Oltre ai contributi obbligatori, i dati sui patrimoni immobiliari sono strumentali al nostro discorso, considerata la rilevanza sociale di questi ultimi in termini di percezione concreta delle disuguaglianze. Utilizzando i dati forniti dal National Property Information Centre (NAPIC), il già citato studio della Banca Mondiale stima anche la disuguaglianza nella spesa per immobili analizzando il numero di unità vendute, il loro valore commerciale e le fasce di prezzo. Nonostante l’analisi non prenda in considerazione la distinzione delle proprietà multiple o degli acquisti finalizzati all’investimento o alla speculazione, essa evidenzia come la disuguaglianza sia cresciuta considerevolmente dal 2001 al 2012, con il coefficiente di Gini lievitato da 0,44 a 0,53. Inoltre, se si considera che pochi membri dell’élite detengono la maggior parte dei beni nella fascia più alta di prezzo, si può intuire come il dato sia piuttosto conservativo rispetto alla realtà.

Naturalmente, le politiche redistributive sono una componente essenziale nelle strategie nazionali orientate a ridurre le ineguaglianze e a incoraggiare uno sviluppo sostenibile. Tuttavia, nonostante il governo malaysiano abbia lanciato iniziative mirate in favore dei segmenti più poveri della popolazione, queste ultime si sono concretizzate sotto forma di assistenza economica tramite sussidi sanitari e alimentari, e trasferimenti di denaro all’interno dello schema Bantuan Rakyat 1 Malaysia (BR1M),  tutte misure che non facilitano spostamenti di ricchezza sostanziali nel lungo periodo. Un evidente indicatore di ciò è rappresentato dal reddito individuale medio che, stando ai dati del DOSM, si attesta a 5.209 dollari annui, nettamente meno della metà rispetto all’obiettivo dei 12.276 dollari necessari per laurearsi Paese ad alto reddito.

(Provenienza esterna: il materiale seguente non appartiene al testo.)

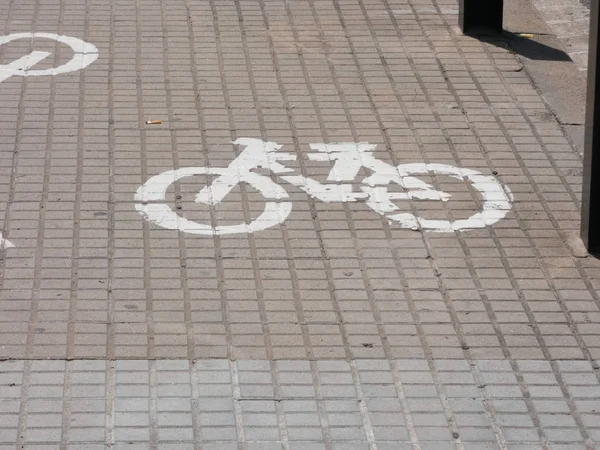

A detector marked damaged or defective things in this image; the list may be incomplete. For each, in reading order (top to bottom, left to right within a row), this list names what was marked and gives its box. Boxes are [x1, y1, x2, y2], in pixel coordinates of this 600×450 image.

chipped white paint [0, 33, 98, 84]
chipped white paint [0, 32, 99, 250]
chipped white paint [137, 137, 516, 236]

Ne consegue che il tema della disuguaglianza richiede un’analisi più profonda, al fine di raggiungere un quadro più nitido che permetta di formulare politiche meglio mirate. Gli indicatori esaminati dimostrano, infatti, come il problema dell’ineguaglianza sia estremamente più complesso rispetto a tenere traccia del coefficiente di Gini rappresentativo del reddito aggregato delle famiglie ed erogare sussidi mirati di stampo populista. Le politiche redistributive possono essere meglio sfruttate quando divengono potenti strumenti per facilitare una maggiore eguaglianza, in termini di risultati economici e in termini di opportunità, attraverso la diffusione di elementi generatori di reddito tra individui e imprese. Tali fattori di ricchezza possono consistere in terreni, attività finanziarie, accesso all’istruzione, o capitale industriale e umano. Sebbene impopolare tra le élite, l’introduzione di tasse sulle attività finanziarie (successioni, redditi da capitali e transazioni finanziarie), avrebbe un impatto positivo sul crescente divario nella distribuzione della ricchezza in Malaysia illustrato in questo articolo. Ciononostante, la cosa più urgente e più importante consiste nel riconoscere la tendenza in atto, costantemente nascosta dai principali indicatori di disuguaglianza economica.